Along with the kit, I got several other accessories.  Two filters billed as "58 mm UV Digital Multicoated Professional High Defenition Filter.  Are there such things? That is, High Defenition lens/filters?  I'm asking because I"m not sure if I got duped into paying an extrra $100 for such.  I called Canon and they don't sell such filters.  Of course, this is a thrid party filter.  I think the brand is Zeikos.  

Speaking of Zeikos, it seems that most of my non-OEM accessories, from 2x telephoto lens to tripod is made by this company.  In my opinion, it looks second class.  Has anyone heard of Zeikos and what is your opinion on their products?

Thanks!!!


----------



## Derrel

"Zeikos"...hmm..probably trying to trade on the subconscious name familiarity of the Olympus line of "Zuiko" lenses. Olympus has long called its lenses Zuiko this and Zuiko that, just as Nikon has called its lenses "Nikkor", like the Nikkor 50mm f/1.8 AF-D, or the Nikkor 300mm f/4 AF-S, and so on.

I think your own use of the word "duped" fits this situation quite well...there is no such thing as a UV digital multicoated high definition filter. Filters are one of the camera retailing business' LARGEST markup segments, sort of the dirty little secret of the camera business.  A filter that wholesales for $5 can be marked up to $29.95 or $39.95, or much,much higher. This is one way cut-rate dealers can offer low prices, or just normal,fair MAP prices, but still manage to boost their bottom line by selling discount items at hugely over-inflated markups.

There are indeed, entire "brands" of inexpensive accesories, often made by an offshore (mainland China, Taiwan, Malaysia,etc) OEM maker that sells the identical accessories to multiple retail outlets to be sold under a so-called "brand name". The use of Zeikos is almost certainly trying to trade on the name of Zuiko, from Olympus.

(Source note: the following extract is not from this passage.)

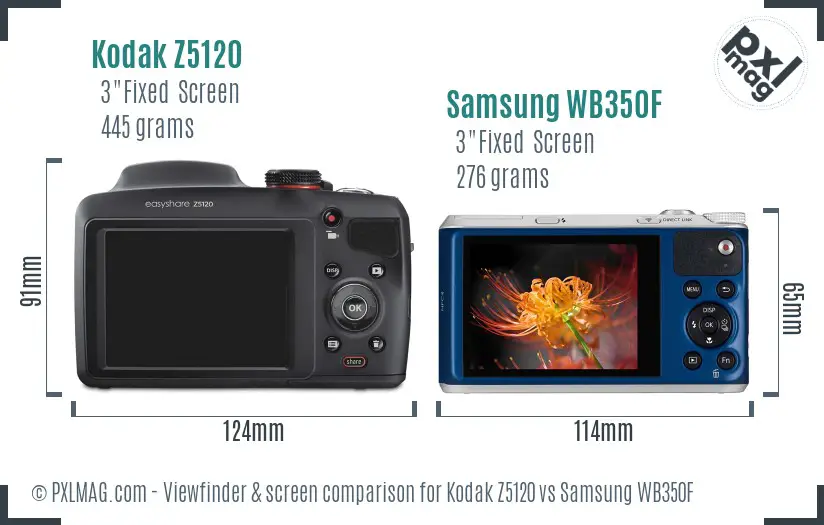 Kodak Z5120 vs Samsung WB350F Screen and Viewfinder comparison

Like my iPad mP3 player, or my Sonee Diskmun, or my Nokiio phone...


----------



## sapiente

here are some comments on a Zeikos product: Flickr: Discussing Zeikos ZE-NBG300 Review in Nikon D300 Users


----------



## climbhigh4fun

In response to your question on Zeikos products including filters, 2x telephoto extenders, tripods and other gear.  I have a number of their products and they all seem to be well made.  Although made in China, they are an American product and most have a lifetime guarantee.  The filters are I would say average, 2x telephoto extender I would rate at above average, tripods as average or slightly above average.  Of course they can't compete with say Hoya filters, but they do a pretty good job, especially the CPL filter


----------



## Deb Miller

BenD said:


> Hi all,
> 
> Just joined the forum.  Bought my first SLR- Canon EOS T1i Kit with 18-55 IS and 55-250 IS lens.
> 
> Along with the kit, I got several other accessories.  Two filters billed as "58 mm UV Digital Multicoated Professional High Defenition Filter.  Are there such things? That is, High Defenition lens/filters?  I'm asking because I"m not sure if I got duped into paying an extrra $100 for such.  I called Canon and they don't sell such filters.  Of course, this is a thrid party filter.  I think the brand is Zeikos.
> 
> Speaking of Zeikos, it seems that most of my non-OEM accessories, from 2x telephoto lens to tripod is made by this company.  In my opinion, it looks second class.  Has anyone heard of Zeikos and what is your opinion on their products?
> 
> Thanks!!!


I have heard of Zeikos and was looking at a lens or two from them, and saw reviews and now I'm curious so I finally ordered one.  
But even above that I was trying to figure out why the named seemed connected to good lenses... well, then 
I figured it out.. ZEISS!  Zeiss is the high quality lens product that my brain was associating it with.  
I finally ordered a Zeikos and will let you know what I think of it after I get it and try it out.


----------



## Deb Miller

climbhigh4fun said:


> In response to your question on Zeikos products including filters, 2x telephoto extenders, tripods and other gear.  I have a number of their products and they all seem to be well made.  Although made in China, they are an American product and most have a lifetime guarantee.  The filters are I would say average, 2x telephoto extender I would rate at above average, tripods as average or slightly above average.  Of course they can't compete with say Hoya filters, but they do a pretty good job, especially the CPL filter


thanks for your comments because this helped me a lot.


----------



## KmH

I had a Zeikos vertical grip on a Nikon D300.
It worked fine and looked just like a Nikon vertical grip.
The difference was the Zeikos grip had a plastic body while the Nikon grip had a metal body.
Consequently the Zeikos grip had a lower price than the Nikon grip.


----------